Réduire de façon drastique les niches fiscales
Les
niches fiscales coûtent au pays plus de 70 milliards d’euros par an. Selon la
commission des finances de l’Assemblée Nationale, elles étaient évaluées
exactement à 72,7 milliards d’euros en 2010, soit 3,5% du PIB.
Mais
d’après un rapport de la cour des comptes, réalisé sous le magistère de
Philippe Séguin, on a appris que le gouvernement de François Fillon avait
réalisé un tour de passe-passe pour amoindrir leur importance. A mesure que
certaines niches se pérennisaient, le ministère de l’économie avait arrêté de
les traiter comme telles, bien que leur nature n’ait pas évolué au cours du
temps. Pour l’année 2009, celles-ci représentaient en réalité 146 milliards € !
Une somme colossale, puisque trois fois supérieure au produit de l'IR payé par
les particuliers !
Si
certaines d’entre elles répondent à un souci d'équité ou à des mesures
économiquement utiles, d'autres permettent surtout à une minorité de personnes
de réduire fortement leur imposition tout en se constituant un patrimoine
important.
Et
quand on sait l’importance accordée par François Hollande à l’équilibre
budgétaire, l’urgence d’une réduction drastique de ces niches fiscales
s’imposait. Certes, certaines niches ont été plafonnées à 10.000 € au lieu de
18 000 € mais beaucoup d’entre elles sont totalement inefficaces et
doivent être purement et simplement supprimées. Pire, le gouvernement de
Jean-Marc Ayrault a réussi l'exploit d'accorder à deux niches fiscales (Sofica
et loi Girardin pour les DOM) des plafonds plus favorables que ceux fixés
antérieurement par la droite !
Est-ce
que François Hollande imagine un instant qu’avec la récupération d’un tiers
seulement de ces recettes perdues, on réglerait une bonne fois pour toute les
intérêts annuels de la dette publique qui se monte à 50 milliards d’euros ?
Lutter contre la fraude fiscale
La
fraude fiscale, par son ampleur et ses caractéristiques (au minimum entre 60 et
80 milliards € par an, selon le Syndicat national unifié des impôts) réduit
aussi fortement les rentrées fiscales et accentue les inégalités, sans parler
de l'optimisation fiscale qui fait le bonheur des avocats d'affaires.

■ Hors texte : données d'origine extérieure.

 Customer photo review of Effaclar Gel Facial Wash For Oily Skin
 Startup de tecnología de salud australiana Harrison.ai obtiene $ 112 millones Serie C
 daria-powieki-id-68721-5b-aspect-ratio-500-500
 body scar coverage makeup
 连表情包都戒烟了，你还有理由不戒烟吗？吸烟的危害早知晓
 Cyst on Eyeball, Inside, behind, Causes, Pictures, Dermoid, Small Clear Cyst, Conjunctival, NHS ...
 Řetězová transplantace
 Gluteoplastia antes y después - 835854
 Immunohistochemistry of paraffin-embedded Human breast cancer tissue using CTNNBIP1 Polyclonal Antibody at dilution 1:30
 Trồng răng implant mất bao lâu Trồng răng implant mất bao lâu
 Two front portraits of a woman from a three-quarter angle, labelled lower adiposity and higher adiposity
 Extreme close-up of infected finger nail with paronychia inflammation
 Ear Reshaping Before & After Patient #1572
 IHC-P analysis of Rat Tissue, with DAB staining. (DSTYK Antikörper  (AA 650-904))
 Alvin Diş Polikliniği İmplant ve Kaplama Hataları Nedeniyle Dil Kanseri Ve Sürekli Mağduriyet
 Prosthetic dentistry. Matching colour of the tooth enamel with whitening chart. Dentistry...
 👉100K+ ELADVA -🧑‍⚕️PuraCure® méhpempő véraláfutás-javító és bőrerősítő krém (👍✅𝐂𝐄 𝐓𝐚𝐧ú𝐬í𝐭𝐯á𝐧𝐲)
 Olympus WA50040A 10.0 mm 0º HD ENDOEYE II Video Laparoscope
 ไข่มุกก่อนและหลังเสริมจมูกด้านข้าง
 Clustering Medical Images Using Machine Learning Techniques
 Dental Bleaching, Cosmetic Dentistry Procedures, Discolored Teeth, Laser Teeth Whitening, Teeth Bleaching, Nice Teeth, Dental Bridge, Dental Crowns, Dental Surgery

Ce sont
essentiellement les grosses entreprises et les riches particuliers qui en
bénéficient car ils peuvent faire de gros investissements déductibles de
l’Impôt ou user de l’existence des paradis fiscaux.
L’administration
fiscale a perdu 25 000 emplois depuis 2002 sur l'ensemble de ses missions, dont
une grande partie est concentrée sur des services qui forment le premier étage
du contrôle fiscal, c'est-à-dire le service de gestion de l'impôt, le service
de contrôle sur pièces et le service de programmation des contrôles fiscaux.
Ces pertes d'emploi ont fragilisé la détection de la fraude et le contrôle
fiscal dans son ensemble.
Suite
à l’affaire Cahuzac, le gouvernement de Jean-Marc Ayrault a bien indiqué qu'il
va procéder à un renforcement de 50 agents à la DGFIP (Direction Générale des
Finances Publiques) mais on est loin du compte, ce petit geste s’apparentant
plutôt à un pansement sur une jambe de bois…
Un signal fort aurait dû être donné par la création d’au moins 2 000 postes dans les administrations chargés de lutter contre les fraudes et par l’établissement de la liste « française » des pays considérés comme non coopératifs ou comme paradis fiscaux et judiciaires en accompagnant cette liste des sanctions infligées aux entreprises qui utilisent ces territoires.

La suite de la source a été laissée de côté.